Ah well, I'd like to thank those that have reviewed so far. I applaud your willingness to read this. Don't tell me that you've actually enjoyed this! Did you even realize it's taken 4 chapters to actually get Erik to finally say, "Okay, I'm willing to think about revealing my darkest secrets"? You people…But I love drawing things out, so if at any moment you get tired of the pace, do tell.
I may be the only person in the world to find this chapter particularly hilarious. I accidentally placed subtle hints of sarcasm in Erik's character. Oops.
A Gargoyle To Polish
The Daroga eyed me warily, sensing my attachment to the current subject of conversation. I shifted a bit, grumbling under my breath about how it was he that brought it up in the first place.
"Get your eyes off of the fireplace like it's about to suddenly disappear. Look at me, Erik," he said.
I did as he said, refreshing my mental image of him clothed in a rich red colored tunic. It contrasted nicely with his brown skin, giving off a mental reflection of the warm climate he had been born and raised in. Nadir's gaze had a false sense of calm about it, I had discovered over the years. Those brown orbs may appear to be bored but behind the initial layer, he was calculating every hitch in a breath and every muscle contracting to make a hand or leg move. He had only ever watched me with this intensity, never trusting me, poor Erik, to enjoy a simple afternoon of tea and talk.
Of course, I had the exact opposite problem with staring, I remembered as he had to momentarily lower his eyes. My bright eyes made no effort to hide their intent to dig through the mind of whoever was being viewed.
After a while (we two could go entire days without speaking, that's how closely we observed each other), Nadir cleared his throat and said, "Tell me about Christine."
I laughed, surprising even myself with the shrill cackle of obvious insanity.
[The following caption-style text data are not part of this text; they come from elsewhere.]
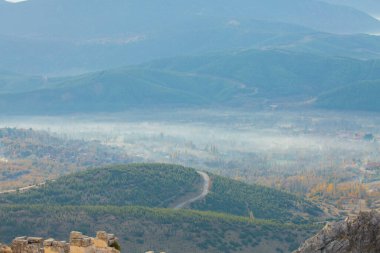 Antoninler Çeşmesi, Burdur 'un Alasun ilçesine bağlı Sagalassos antik kentinde bulunan tarihi bir çeşmedir. Ziyaret eden kadınlar hatıra fotoğrafı çeker.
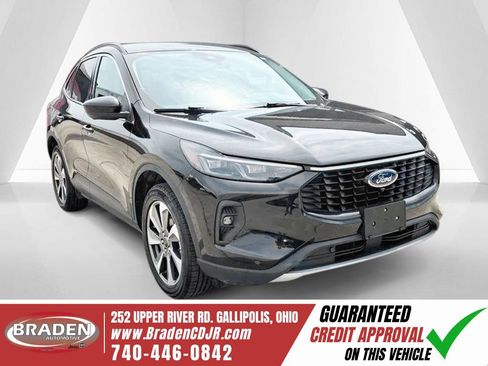 Used 2024 Ford Escape Platinum AWD/4WD image 1
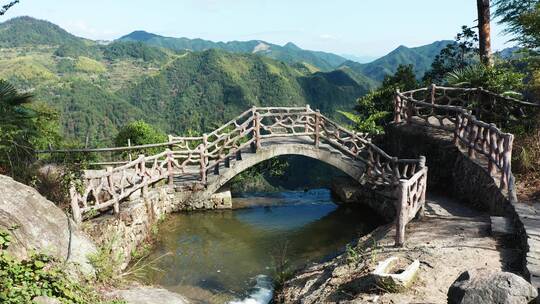 磐安悬崖村高山流水小桥瀑布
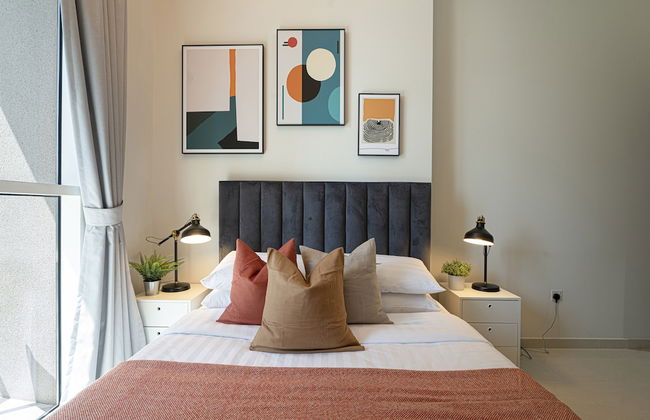 Luxe Apartments near Dubai Mall, Burj Khalifa - Pool, Gym, & Parking by Sojo Stay - Photo 21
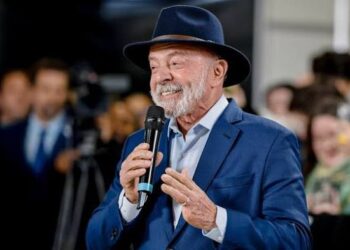 ‘Desenrola’ e fim da escala 6×1 ajudam Lula a melhorar imagem do governo, diz diretor da Quaest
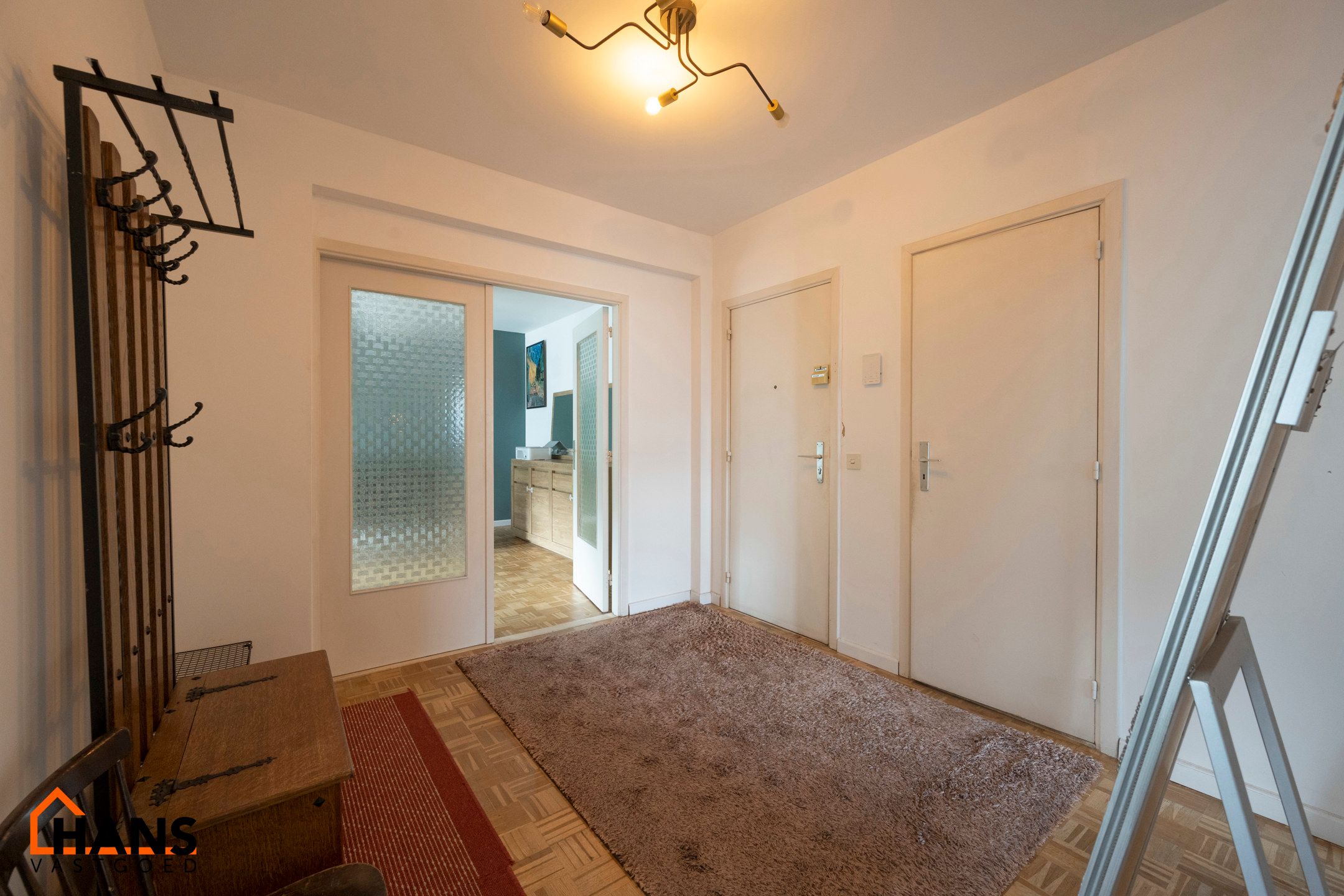 Riant appartement + staanplaats + kelder foto 15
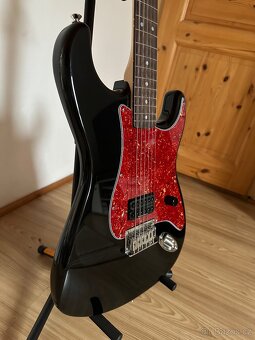 Fender Squier stratocaster - 6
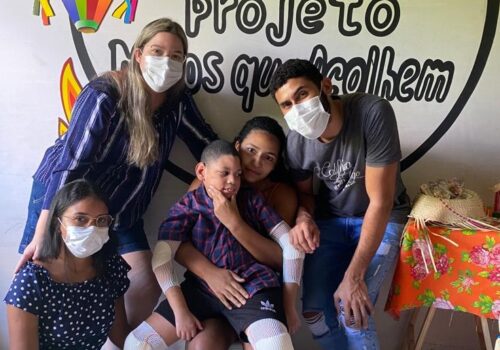 Curso de Fisioterapia realiza doação de alimentos ao projeto “Mãos que acolhem”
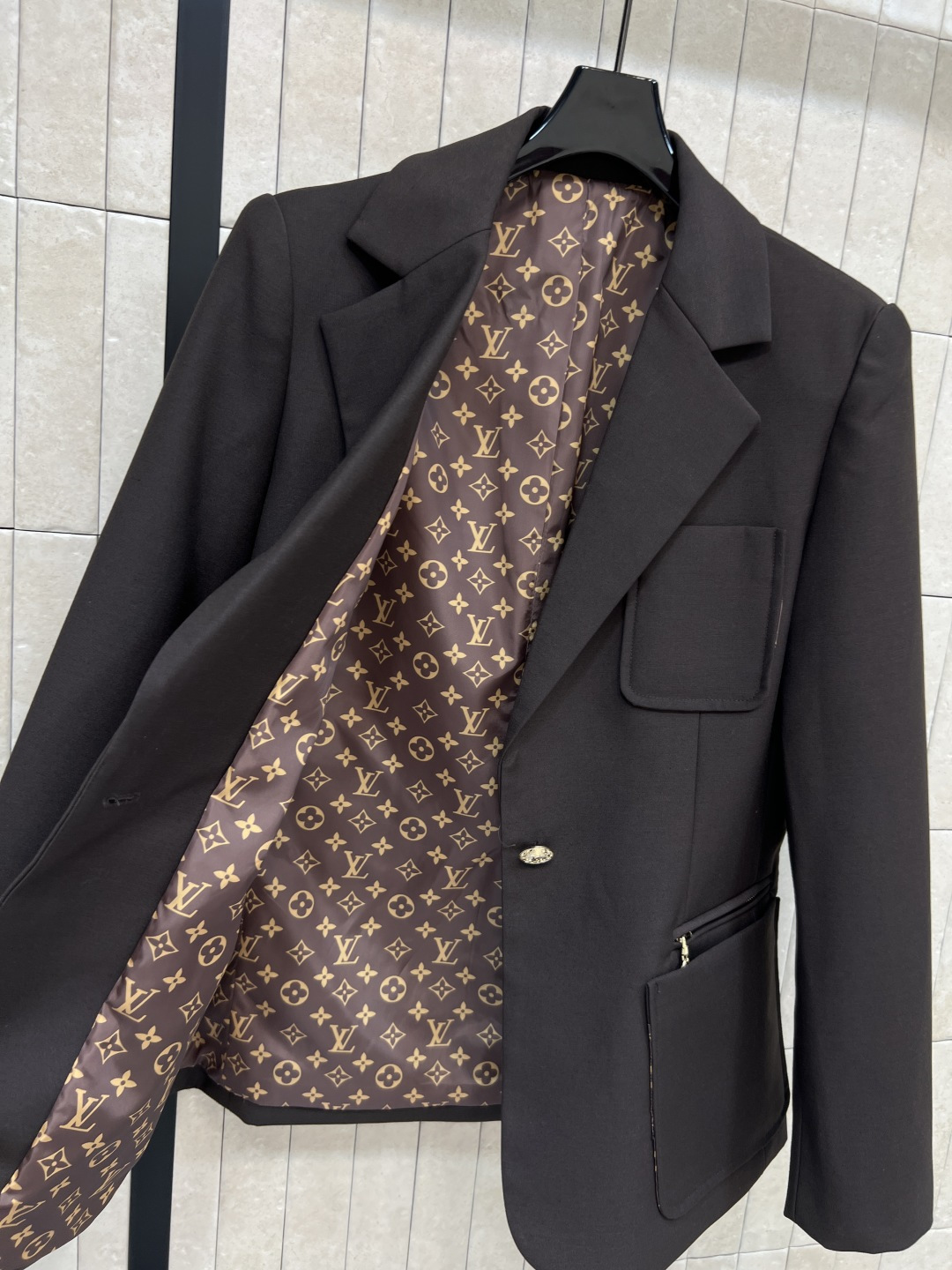 L家 25秋冬新款 深棕色西装外套 C超赞的时髦感 立体廓形剪裁设计 简约又吸睛 经典翻领 一粒扣西装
It had been a very long time since I had laughed-even in mocking. "Do not play this game with me, Daroga."
"I'm playing no game. I simply want to know what is going on in your head."
"As if you didn't know what was going on before," I snapped. "You and that idiot boy had it all figured out before you fell into my chamber didn't you?" With practiced restraint, I managed not to go on and lose myself in another fury. Instead, I picked up my cup of tea and enjoyed the fading warmth of the liquid while I could. "Yes, mad Erik had gone off and kidnapped some poor girl to satisfy his baser needs, is this not what you had assumed?"
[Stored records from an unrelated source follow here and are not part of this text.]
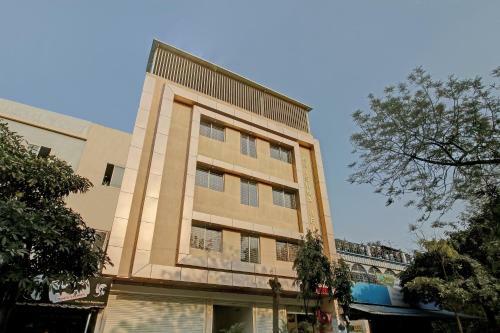 Treebo Trend Hotel Krishna Regency Gautam Nagar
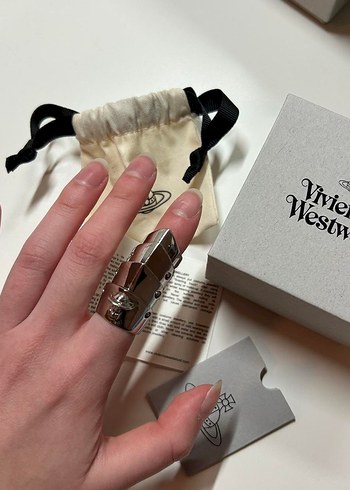 Vivienne Westwood Yüzük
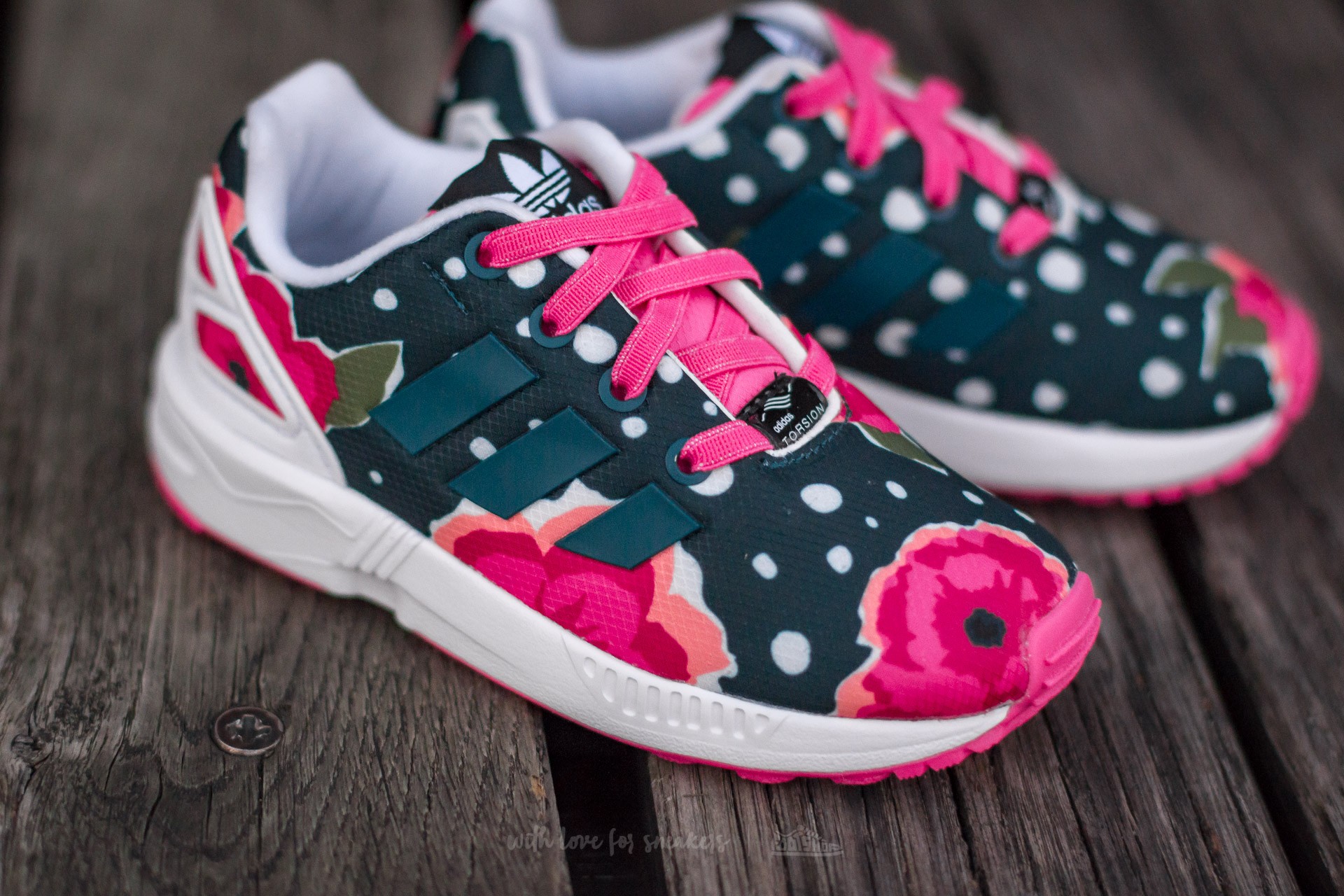 Kids sneakers and shoes adidas ZX Flux EL I Shock Pink Ftw White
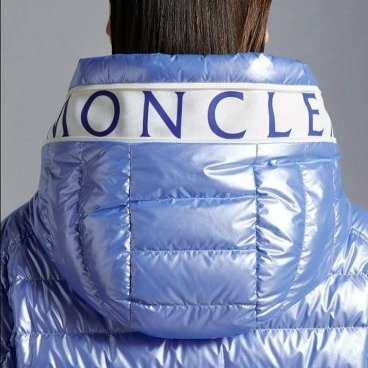 💎Han's house精品服飾💎moncler Akinari 羽絨 連帽 外套 現貨 3/4 原價56000-8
Nadir leaned back and ran a hand through his black hair. I noticed that it had long ago began the receding process and revealed more of his furrowed brow. I knew my presence could not be helping the situation.
"That is what I had assumed, yes. The vicomte made it quite clear that she was his fiancé-" I hissed "and that she would never return to you of her own free will."
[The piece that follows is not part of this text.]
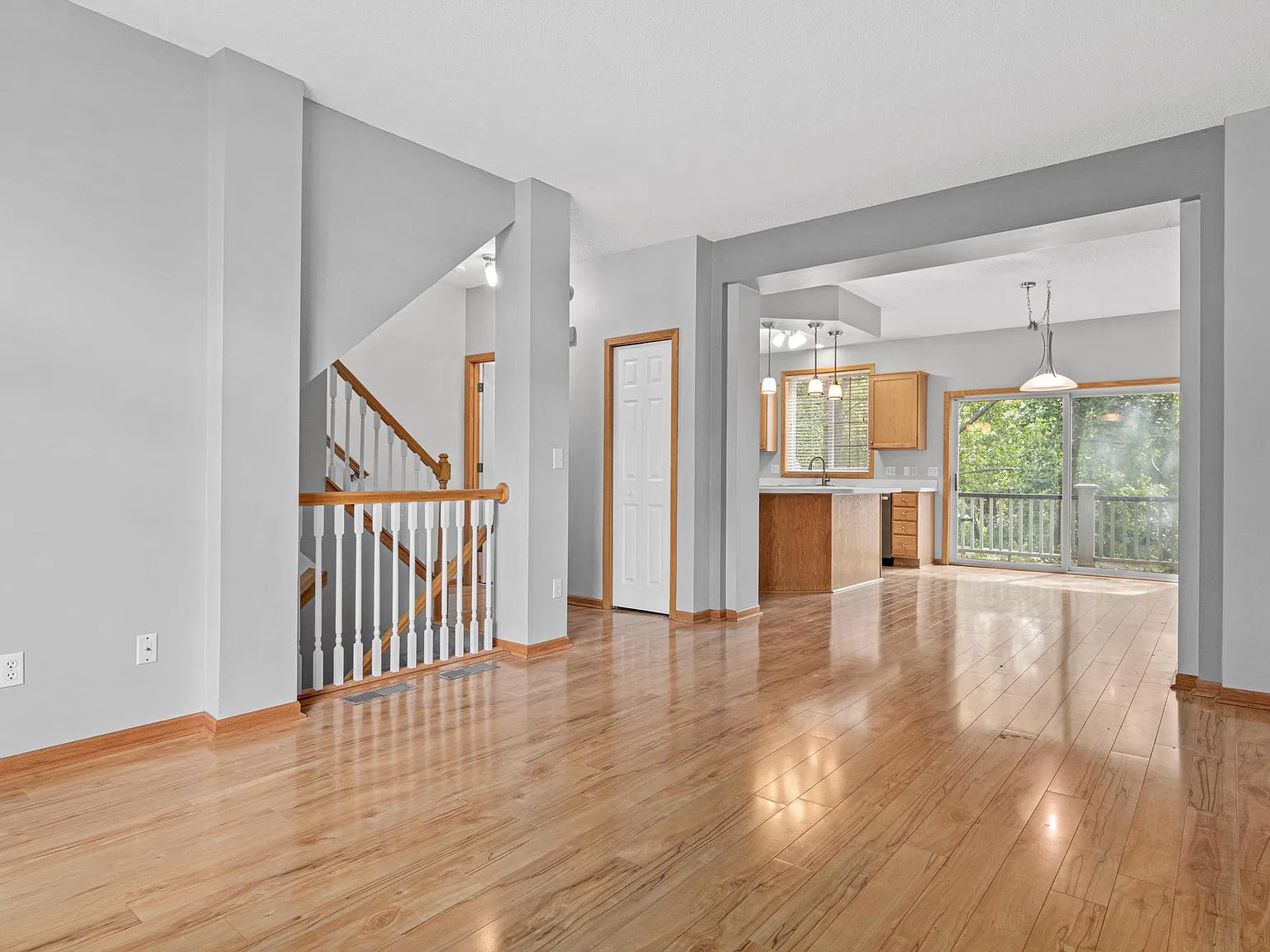 2 bed, 1.5 bath, 1485 sqft, $2,000 — Photo 2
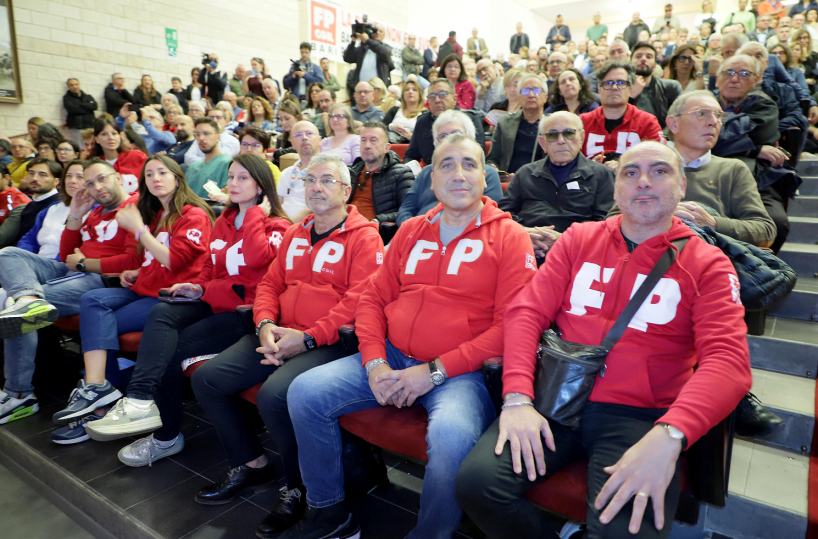 Ilva, persi 12 anni inutilmente. L'allarme di Landini da Bari: «Ora gestisca lo Stato»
"And of course, I could only take her for some monstrous reason. Surely I would only rid the poor innocent thing of her virtue and then kill her later. Am I right again?" My internal patience timer was ticking. In approximately two minutes, if the flow of speech didn't turn or cease completely, I would explode.
My companion looked truly depressed when he sighed and said, "I knew that you thought you loved her. I also knew how obsessed you could become. I could only predict the worse."
"Ah yes, you can only predict the worse of Erik. He is not on the same scale as other men."
"That is why I wish for you to tell me what was and is now going through your head. It is obvious that you are in some half-formed state of living. You are even thinner than I remember," he miserably joked.
I did not laugh.
This was it. My chance to clear the slate and to redraw the correct image of myself upon it. Of course, it would still be hideous-I was never to be anything other than that-but it would be the one without mar of lies or injustices. I could retrieve what little honor I had left and live the remainder of my life knowing I had defended it fiercely.
But would I take advantage of the miraculously placed chance? I was never one to seek pity or forgiveness from anyone other than myself and one other person. I knew this was all that the Daroga could offer and that the "one other person" would never be present in my life again.
"Daroga," I began, voice shaking with a sudden burst of emotion as I realized my previous thought. 'She will never be present in my life again.' Personally, I didn't want my companion to see me cry (what self-respecting man does?) but I could feel the tears coming with a vengeance born of years of being ignored. I pulled off my mask, careful to turn away from him. I heard him gasp and move.
"I am dying."
Nadir (why I go back and forth between Nadir and Daroga, I don't think I will ever be able to find out. With my twisted mind and all, I could never attempt to explain everything I'd ever done.) moved again and I heard his breath coming in my direction. He'd actually turned to face my hideousness, my words had surprised him so.
"Erik?"
I did not (and could not) reply, chocked on tears as I was.
"Erik?"
Why did the man have to push me? Did he not see that I was overcome with something at the moment? Let me have room and time to breath!
"Erik-"
"Damn it, Daroga! Give me time to be dramatic!" I roared, hardly feeling the humor painfully forced out of my throat.
But that was the truth wasn't it? There was exaggerated drama in every aspect of my life from where I lived, to what I wore, to how I interacted with people. I couldn't even fall in love like a normal person.